• Exercise instructions: While leaving the pictures out, set down only the lines from the one with "Buchcover von Compreender" through the end of the records, exactly as they stand.

Records drawn from a dataset
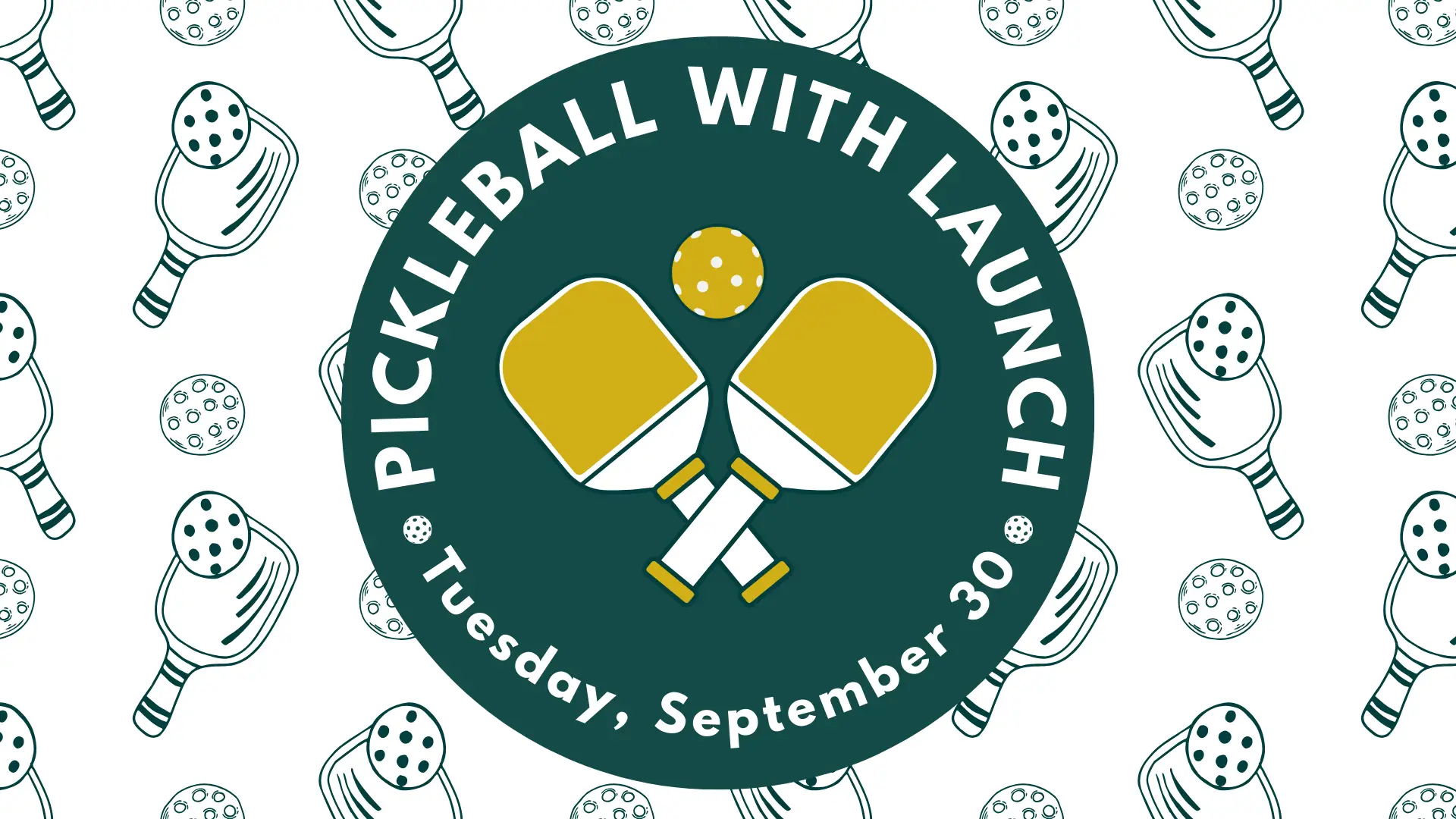 Pickleball with Launch - Tuesday, September 30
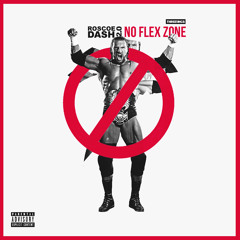 Roscoe Dash 2.0 - No Flex Zone (Remix) [Prod. Mike Will Made It]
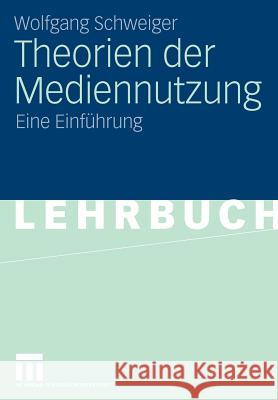 Theorien Der Mediennutzung: Eine Einführung Schweiger, Wolfgang 9783531148274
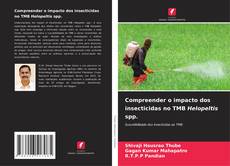 Buchcover von Compreender o impacto dos insecticidas no TMB Helopeltis spp.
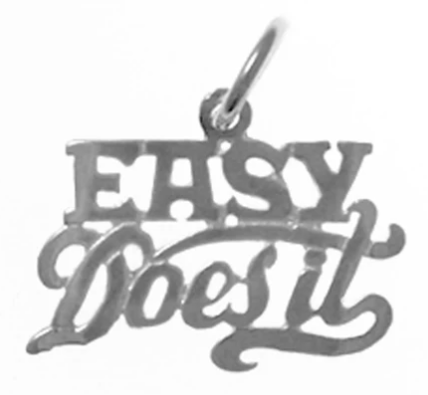 Sterling Silver, Sayings Pendant, "Easy Does It"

• Solution:
 Buchcover von Compreender o impacto dos insecticidas no TMB Helopeltis spp.
 Sterling Silver, Sayings Pendant, "Easy Does It"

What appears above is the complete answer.